Explorations in Black Leadership

Co-Directed by Phyllis Leffler & Julian Bond

Leadership Development: Choosing a Career in Social Justice

BOND: What led you to choose your career? Now, in your life, you’ve held a number of positions — in your short life — but almost all of them are in the social justice field and that’s unique, I think, for people who’ve sat in your position as NAACP head. They’ve come from a variety of backgrounds. But how did you get set on this path. What is it? Is it everything that led up to taking this first job that led to what you are today, or — ?

JEALOUS: You know, I — again, between my grandmother’s stories and my parents’ stories without pandering, sort of events like Eyes on the Prize, my imagination as a child and increasingly as a teenager was very much captured by the continuity of social movement in this country. And being born just before the Bicentennial, a lot of my childhood stories were my father talking about, kind of, you know, in the oral tradition of his family, talking about what the American Revolution meant to the people who participated in it and his family had been also leaders in the women’s suffrage movement and had both been witch burners and founders of the Unitarian Church. You know? So, two ends of American Christianity, right?

And so both from his stories and from my grandmother’s stories, it literally went from slavery through Reconstruction through Jim Crow and right up to the present moment, there was just a notion that there was nothing more noble that a person could do than to help finish the American experiment and really create a pluralistic democracy that worked for everybody.

There was also, and especially in my grandmother’s stories and my mom’s kind of spirituality and some of the conversations with Bill Starr, a notion that we were surrounded at any given moment by our ancestors, that there was a indebtedness that wasn’t simply whatever you chose, however you chose to perceive it, but that there were actually real spirits that were judging you. And that sense — sort of metaphysical sense — of sort of responsibility and possibility, that on the one hand you had to continue the work that generations had started and on the other hand, that great changes were possible, led me to a place where I really have considered no other path. I mean, it’s just — I just kind of looked for how I could just help change the world for the better as quickly as possible.

BOND: And I know at one time in your life you wanted to be a lawyer and you decided against that.


BOND: What made you change?

JEALOUS: Because all the cases that I worked on when I was at the NAACP Legal Defense Fund — summarizing depositions for lawyers or even dealing with mail from inmates who might become members of plaintiffs or organizing plaintiffs in Harlem — all the cases were older than I was. And I felt like I’d been sold a false bill of goods, you know. These stories about Thurgood Marshall and "then there was the decision and all was good,” and the combination of finding out that Brown v. Board was still an active case in the early 1990s because they were simply trying to enforce it in Topeka or dealing with death penalty cases, working as an organizer in a death penalty case that was nineteen years.

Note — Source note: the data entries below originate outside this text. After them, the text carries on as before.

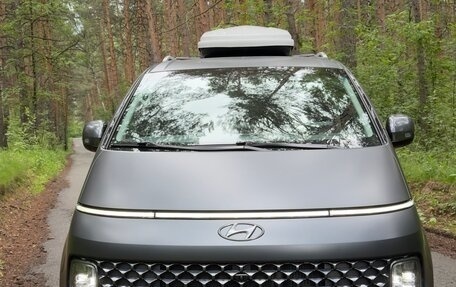 Hyundai Staria, 2022 год, 7 300 000 рублей, 2 фотография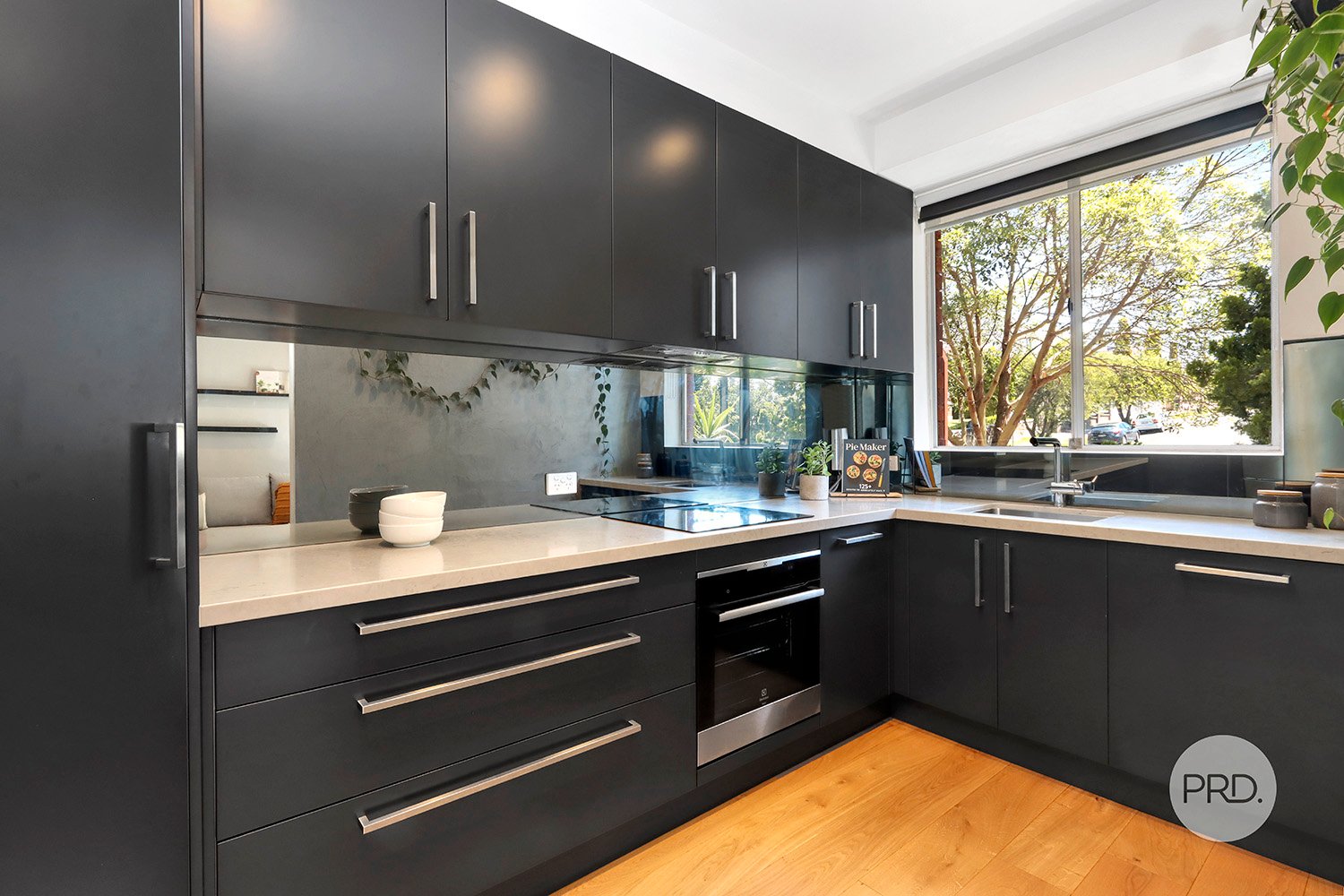 3/30 Guinea Street KOGARAH 2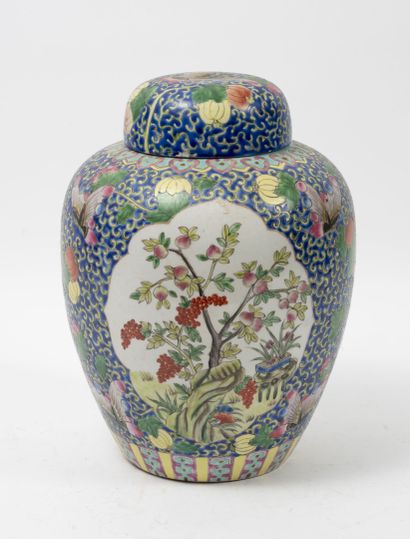 CHINE, XXème siècle - Potiche couverte en porcelaine à décor Imari.

H : 40 cm. Usures

-...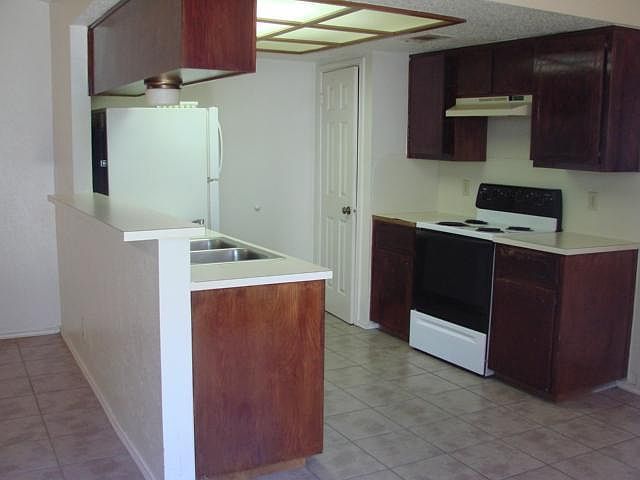 2nd image of 8802 Cainwood Ln #B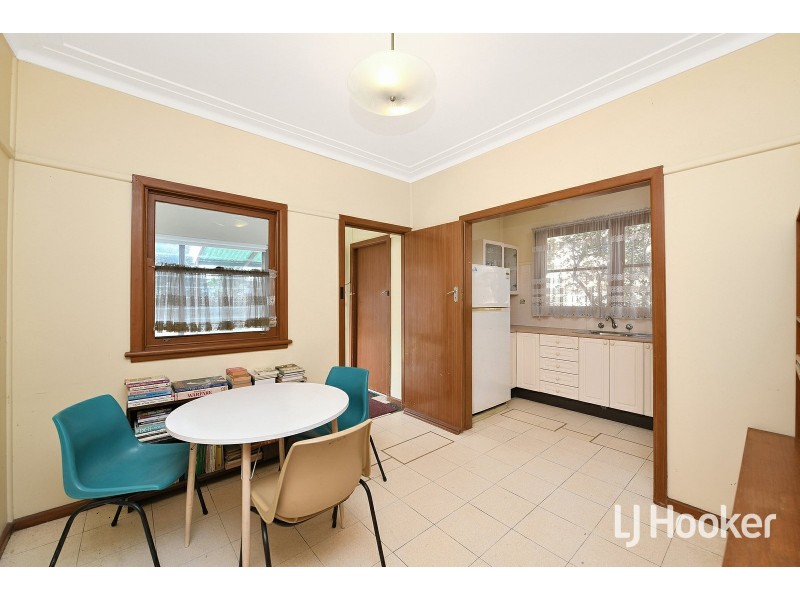 34 Chifley Ave, Sefton NSW 2162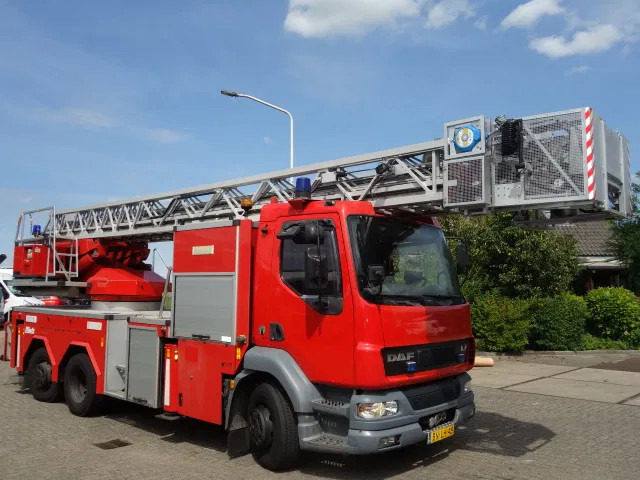 DAF LF 55.250 METZ 30 meter - Tuletõrjeauto: pilt 4 DAF LF 55.250 METZ 30 meter - Tuletõrjeauto: pilt 4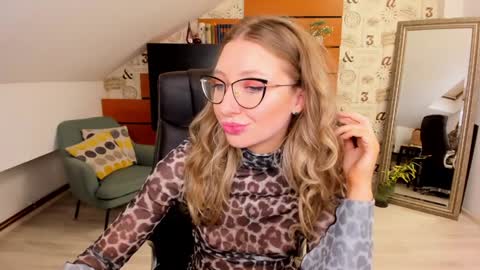 Snapshot of amyrossie chatting on December 3, 5:12 pm AmyRossie online show from December 3, 5:12 pm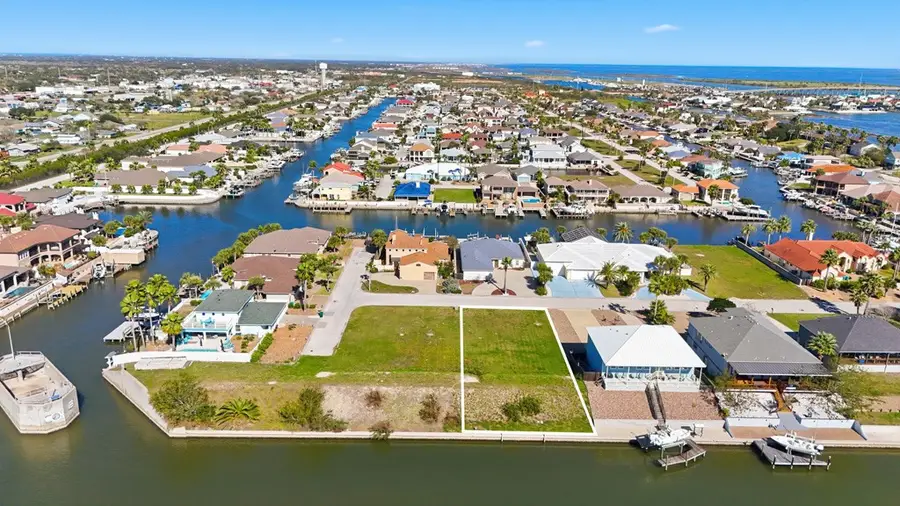 117 Bay Court, Aransas Pass, TX 78336 - Image #2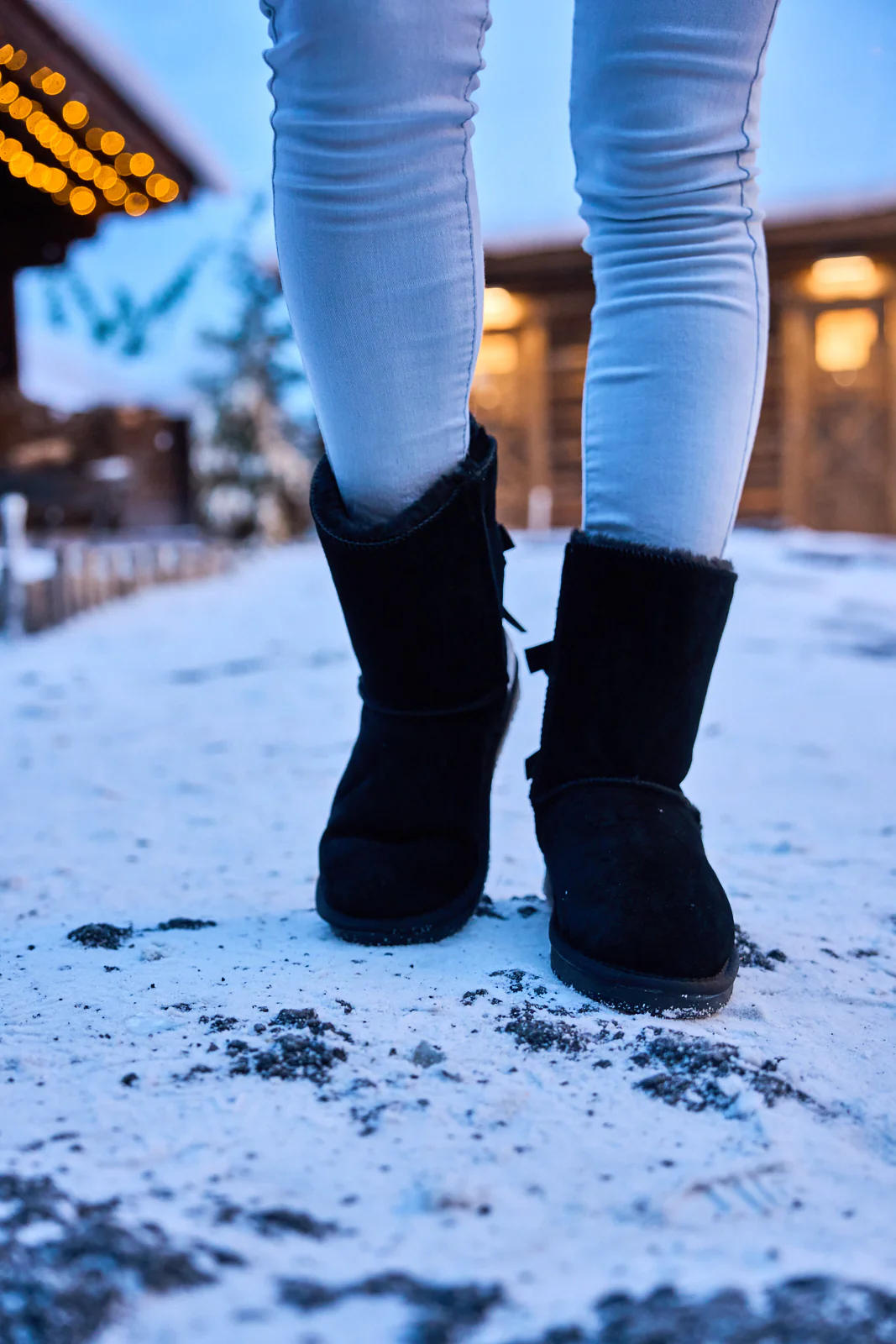 SMAIBULUN Ugg | Rhinestone Dual Bailey Bow Glam Ugg Boots - black - Image 4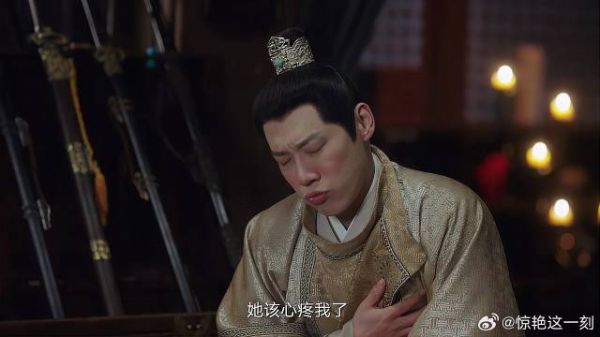 五少主醉酒，抱着上官的宝贝哄睡，这一幕让她感动
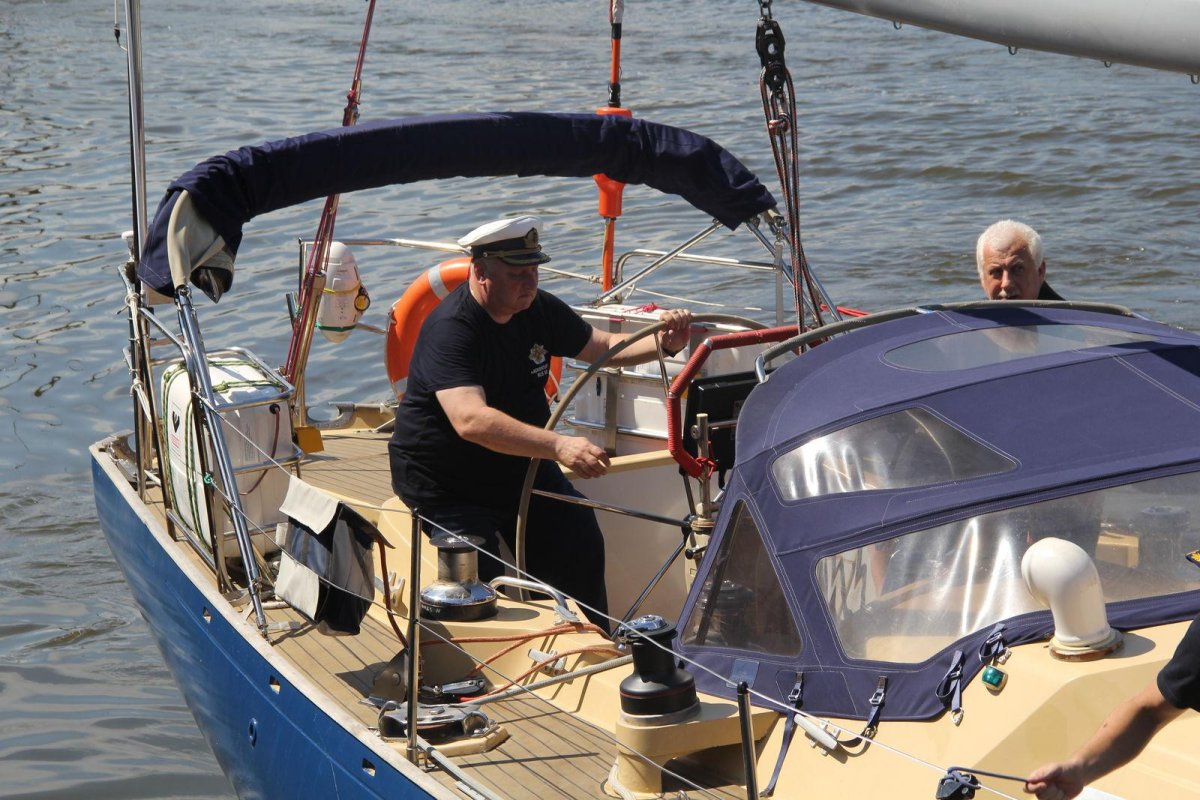 Яхта Эдвенчер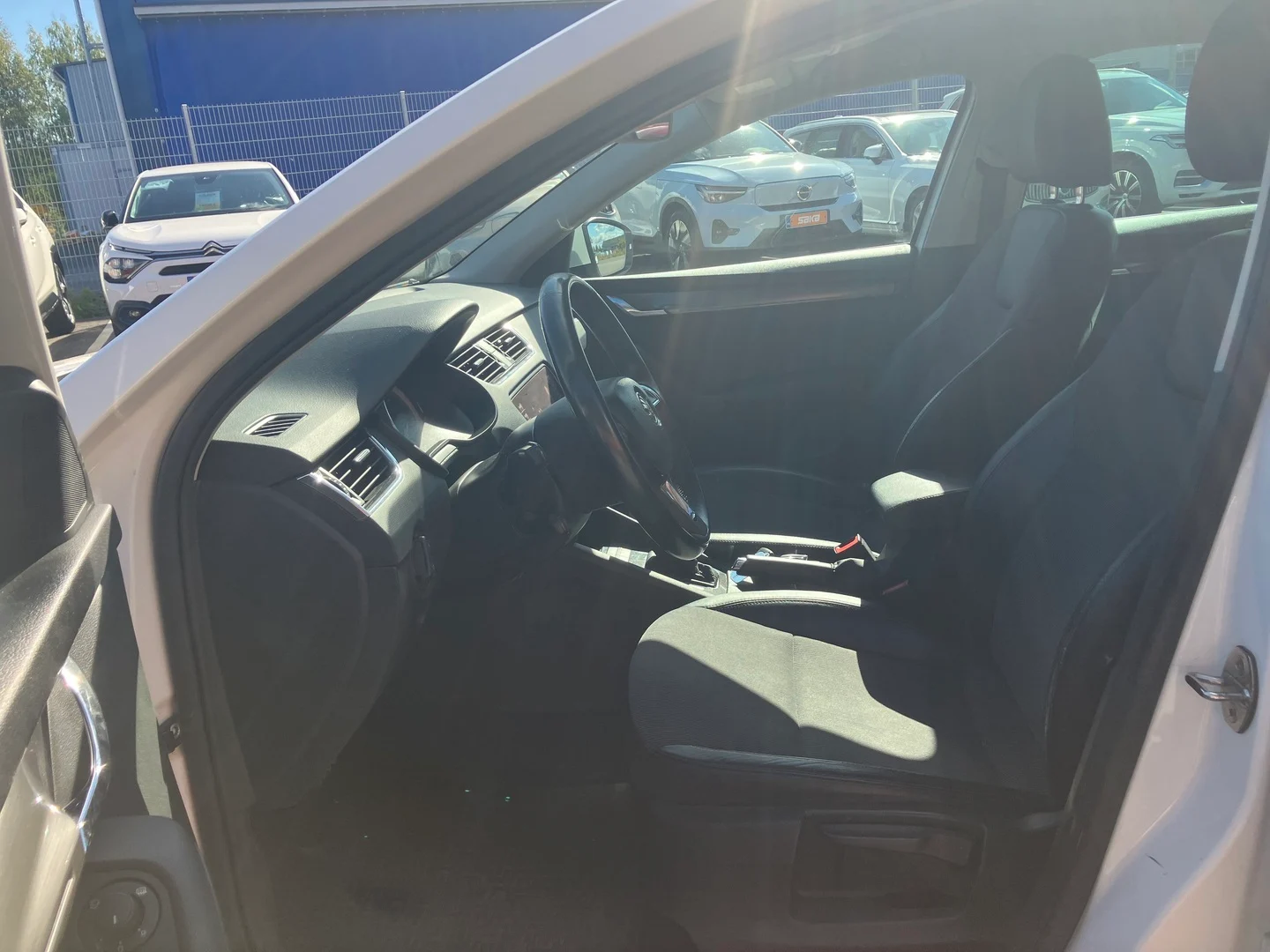 Car Image - 6Wi0IzmUYYn4NZwi6ZUrgv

What I ultimately stumbled across when I was invited by a Legal Defense Fund lawyer to organize on a case and the pace of good decisions by the courts sort of quickened in that particular case, and then went down to Mississippi where the governor was trying to shut down a black college and turn it into a prison and we were able to keep the school open. And the lawyer very much credited how we had changed public opinion was that we could impact the court of public opinion much more directly, much more quickly, and could often hasten the pace of change in the court if not change the course entirely and that’s part of what — that’s a part of the theory I’ve brought to work at the Association. We just had the victory in the Troy Davis case.

BOND: I was thinking just about Troy Davis.